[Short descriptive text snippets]
·····
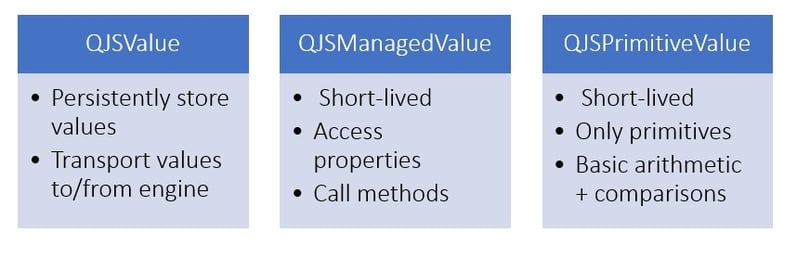 List of main use cases for the three QJSValue classes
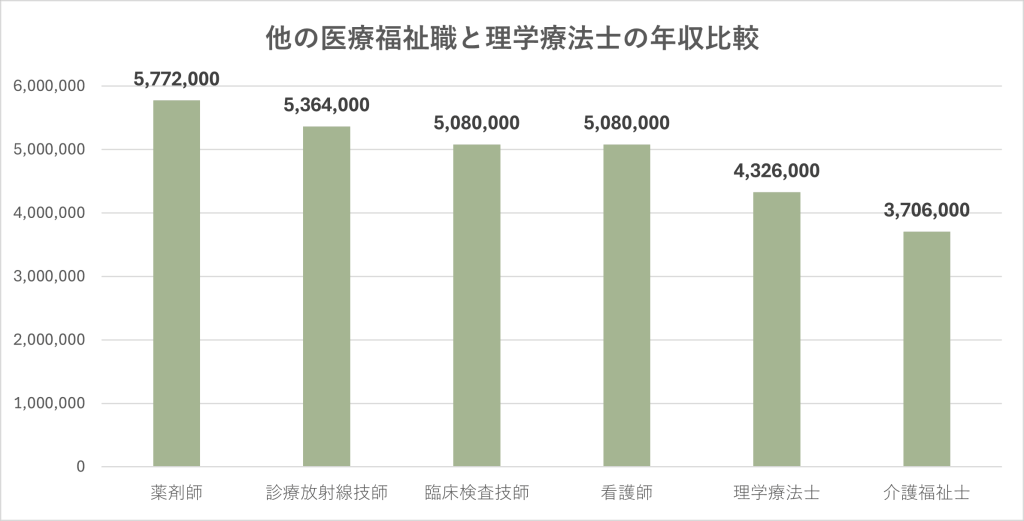 他の医療福祉職と理学療法士の年収比較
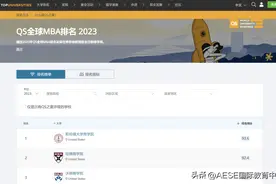 全球排名前十的商学院，西班牙占两个，你知道吗？图片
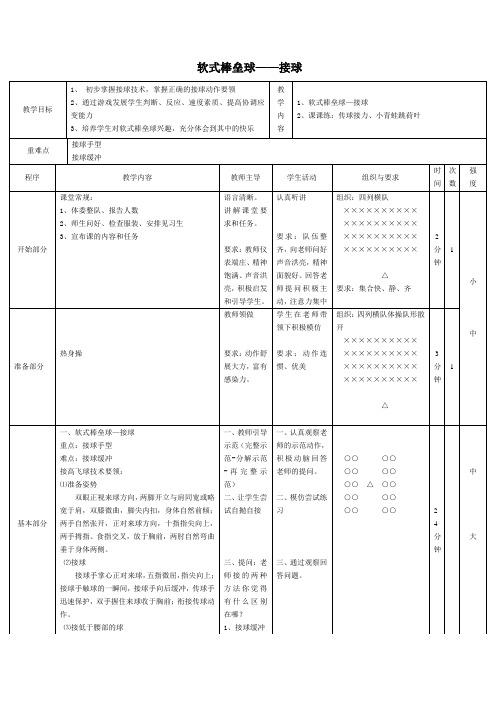 软式棒垒球——接球教案24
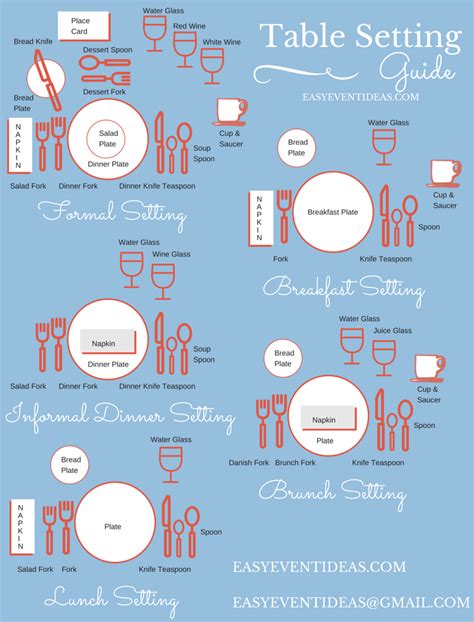 event table setup guide.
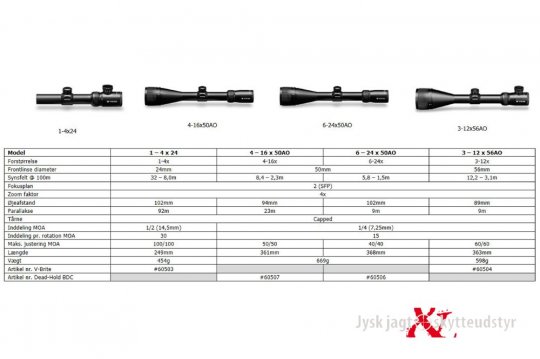 Vortex Crossfire II 1-4x24 m/Brite (MOA) (30MM)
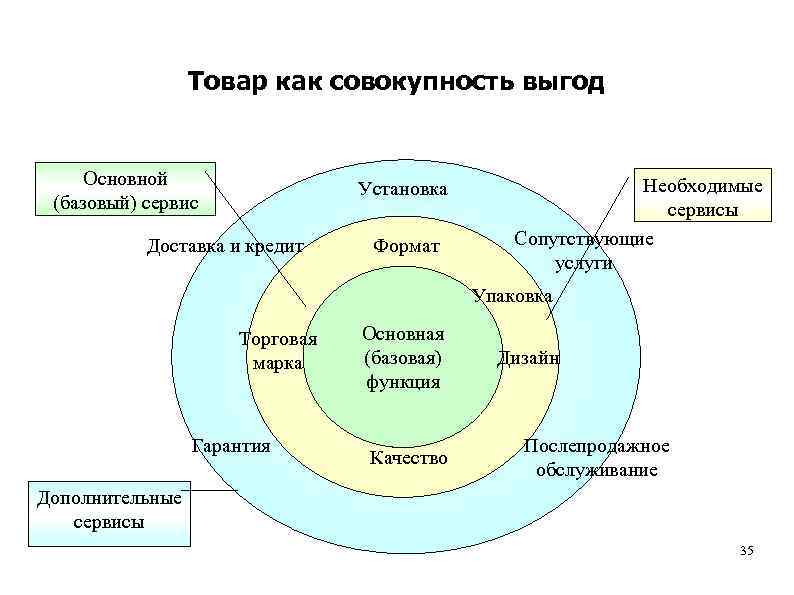 Товары и услуги это. Основные и базовые услуги. Особенности услуги как товара. Услуга как товар. Базовые услуги примеры.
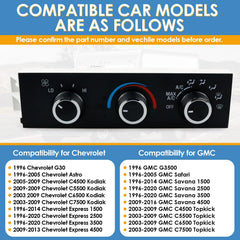 MiCCiKA Express dash-panel integration mirrors factory design for Chevrolet Express.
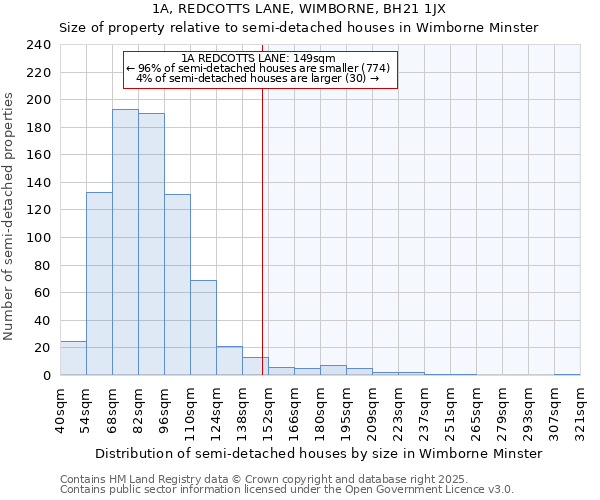 1A, REDCOTTS LANE, WIMBORNE, BH21 1JX: Size of property relative to semi-detached houses houses in Wimborne Minster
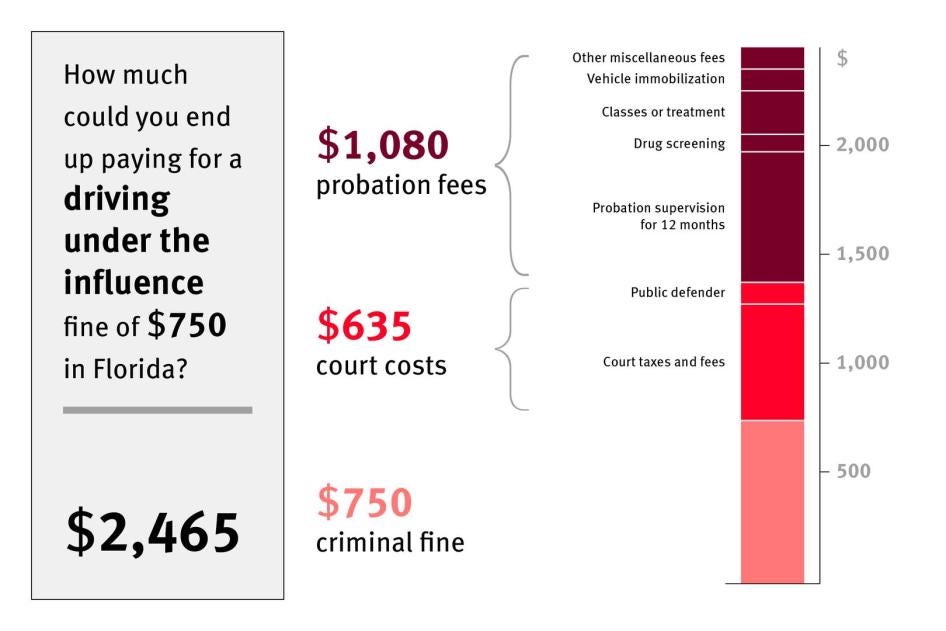 Kentucky Private Probation graphic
·····
▶ Instructions for the task
Every record above should be set down exactly, with the pictures left out.

▶ Result of the task
 List of main use cases for the three QJSValue classes
 他の医療福祉職と理学療法士の年収比較
 全球排名前十的商学院，西班牙占两个，你知道吗？图片
 软式棒垒球——接球教案24
 event table setup guide.
 Vortex Crossfire II 1-4x24 m/Brite (MOA) (30MM)
 Товары и услуги это. Основные и базовые услуги. Особенности услуги как товара. Услуга как товар. Базовые услуги примеры.
 MiCCiKA Express dash-panel integration mirrors factory design for Chevrolet Express.
 1A, REDCOTTS LANE, WIMBORNE, BH21 1JX: Size of property relative to semi-detached houses houses in Wimborne Minster
 Kentucky Private Probation graphic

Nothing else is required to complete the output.